Balzac’s concern in “The Unknown Masterpiece” is the problem of reconciling the various opposing forces in life, a problem that is particularly difficult for the artist. The problem is illustrated appropriately in the very pattern of the short story.

The story is divided into two chapters, one entitled “Gillette,” the second, “Catherine Lescault.” Gillette is the actual mistress of Poussin: She is a devoted young woman who considers love more important than art and feels somehow diminished whenever Poussin uses her as a model. At those times, she senses, he draws away from her and into some visionary world in which she is merely an object. Catherine Lescault, on the other hand, is the vision of Frenhofer, a vision so real that he will not show his painting of her to others, as if such an action would profane their love.

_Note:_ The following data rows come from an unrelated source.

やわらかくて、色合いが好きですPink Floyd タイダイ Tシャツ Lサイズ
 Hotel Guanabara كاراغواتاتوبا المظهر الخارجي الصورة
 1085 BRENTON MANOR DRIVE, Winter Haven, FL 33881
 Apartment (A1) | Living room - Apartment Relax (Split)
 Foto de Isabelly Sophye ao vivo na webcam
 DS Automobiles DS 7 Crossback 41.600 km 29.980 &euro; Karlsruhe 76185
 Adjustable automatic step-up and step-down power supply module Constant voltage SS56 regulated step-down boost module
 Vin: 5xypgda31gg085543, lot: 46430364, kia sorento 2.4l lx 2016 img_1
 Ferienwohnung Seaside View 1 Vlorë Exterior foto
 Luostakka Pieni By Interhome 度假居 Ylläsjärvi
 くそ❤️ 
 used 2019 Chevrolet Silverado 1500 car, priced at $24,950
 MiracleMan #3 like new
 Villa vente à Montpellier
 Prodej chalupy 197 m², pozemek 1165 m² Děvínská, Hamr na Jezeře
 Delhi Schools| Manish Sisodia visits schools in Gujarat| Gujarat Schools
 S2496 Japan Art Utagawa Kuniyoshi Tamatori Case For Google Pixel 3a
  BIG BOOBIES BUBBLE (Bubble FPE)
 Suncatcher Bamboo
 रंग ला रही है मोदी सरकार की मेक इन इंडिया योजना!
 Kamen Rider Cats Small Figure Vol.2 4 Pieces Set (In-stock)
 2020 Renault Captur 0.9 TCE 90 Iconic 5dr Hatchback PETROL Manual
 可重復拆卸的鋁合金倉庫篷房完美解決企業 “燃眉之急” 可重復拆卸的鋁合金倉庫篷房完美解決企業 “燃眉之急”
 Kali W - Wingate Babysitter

When the other painters see Frenhofer’s canvas, they realize that the true painting exists only in Frenhofer’s mind. Gillette’s prophecy comes true when all three painters are so obsessed with their art that they completely forget her. At the end of the story, she tells Poussin that, although she loves him, she hates him for turning her over to Frenhofer, thus proving that love is far less important than art. In a sense, Poussin loves his art as completely as Frenhofer does. A Catherine Lescault will always win any artist from the Gillettes of this world.

However, if the artists are alike in their devotion to art, they differ in their approach. Having learned his master Mabuse’s secret, Frenhofer insists that he can paint the essence, the spirit of his subject. He insists that painters such as Porbus, who cannot decide between the precision of lines and the emotional splash of color, can never truly bring their subjects to life. When the younger painters at last see Frenhofer’s masterpiece-in-progress, they realize that in his ten years of seeking essence, of applying layer on layer of color in order to attain the abstraction, he has retreated totally into his own dream. The implication of Balzac’s story, then, is that the true artist must combine life and love with art, objectivity with subjectivity, mechanical copying of life with vision of the unknown and unseen essence of life. For all of his genius, Frenhofer has dedicated his life to creating a masterpiece that will always remain unknown.